51 Chicago libraries now offer naloxone

Staffers have been trained in administering the nasal spray, and the program is set to expand citywide


The Chicago Department of Public Health stocks Narcan in 51 libraries across the city. The program will expand citywide by the end of the year, CDPH Commissioner Dr. Allison Arwady said.

Photo/Matt Rourke/Associated Press

Jake Sheridan
Chicago Tribune

CHICAGO — Overdose deaths kill more people in Chicago than gun violence and car crashes combined, officials have said. But a simple nasal spray, Narcan, can save lives by stopping overdoses.

How can someone get the potentially lifesaving aid? Walking into a city library, grabbing it and walking out with no questions asked is now an option.

The Chicago Department of Public Health stocks Narcan in 51 libraries across the city.
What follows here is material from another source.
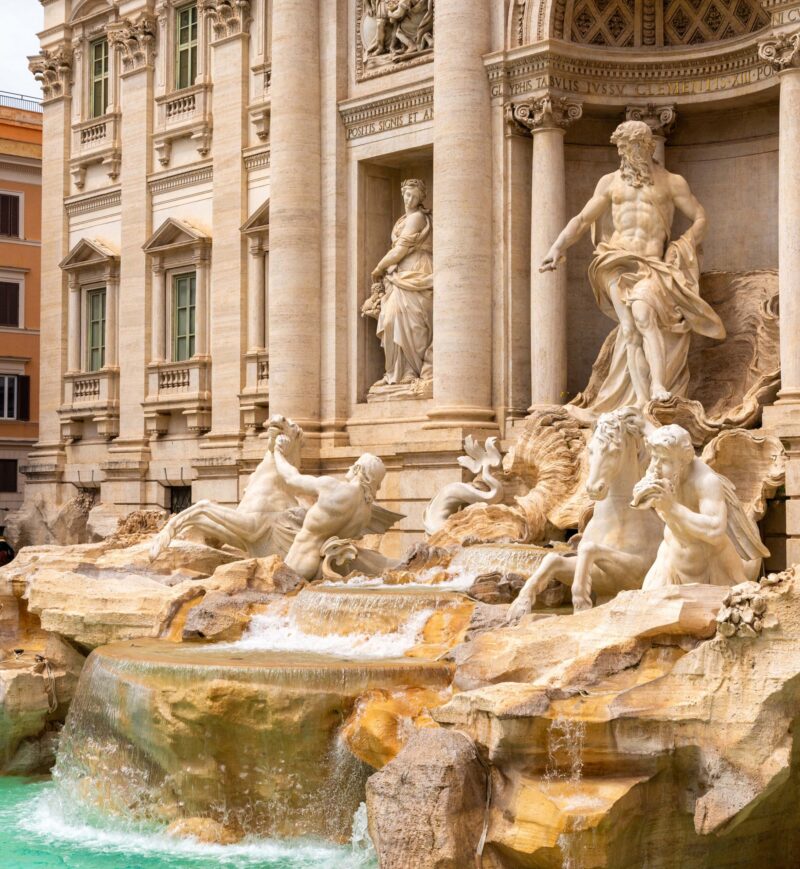 Travertine statues and rushing water frame Oceanus at the Trevi Fountain in Rome.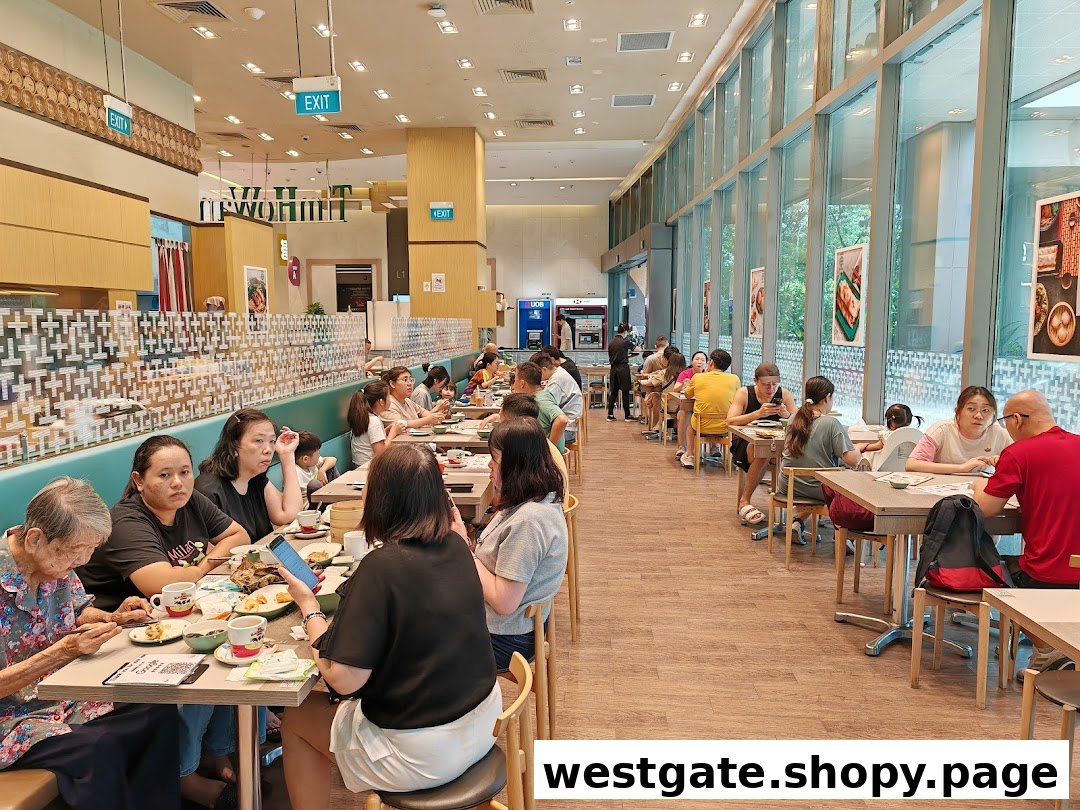 A bustling Tim Ho Wan restaurant interior with customers enjoying dim sum at various tables.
The program will expand citywide by the end of the year, CDPH Commissioner Dr. Allison Arwady said.

The new effort makes the crucial medication accessible for all Chicagoans, including those who misuse potentially dangerous opioids.

“It’s a miracle, really,” said Legler Regional Library Director Shilo Jefferson as she pulled out a Narcan device, which looks and works like a basic allergy spray.

Jefferson’s library stocks the medication in a small, open box next to first aid supplies. Kits containing two Narcan devices fill the box. People can take them without having to share information.

Narcan distribution is just another way the library supports the West Garfield Park neighborhood, Jefferson said.

“We do way more things than books,” she said. “We are here to help people if they need help and we’re here to help them with no judgment.”

About 60 kits have been taken since the library became one of the first in Chicago to offer Narcan, a brand name for the generic medication naloxone, in January. The public health department refills the supply every week, Jefferson said.

Legler Library staff also gets training on how to use Narcan and keep some handy just in case. That preparation kicked in when a woman became nonresponsive recently before a nearby produce market. She had been sitting in a walker and was slumped over, not breathing.

“Then somebody ran inside to get the Narcan,” Jefferson said.

Jefferson said she administered two doses before paramedics arrived, and the medication resuscitated the woman before they got to the scene.

“It’s a very much needed program, especially in the neighborhood,” said Jefferson, who now keeps Narcan in her purse. “Addiction is a real illness. I think this program is helping people.”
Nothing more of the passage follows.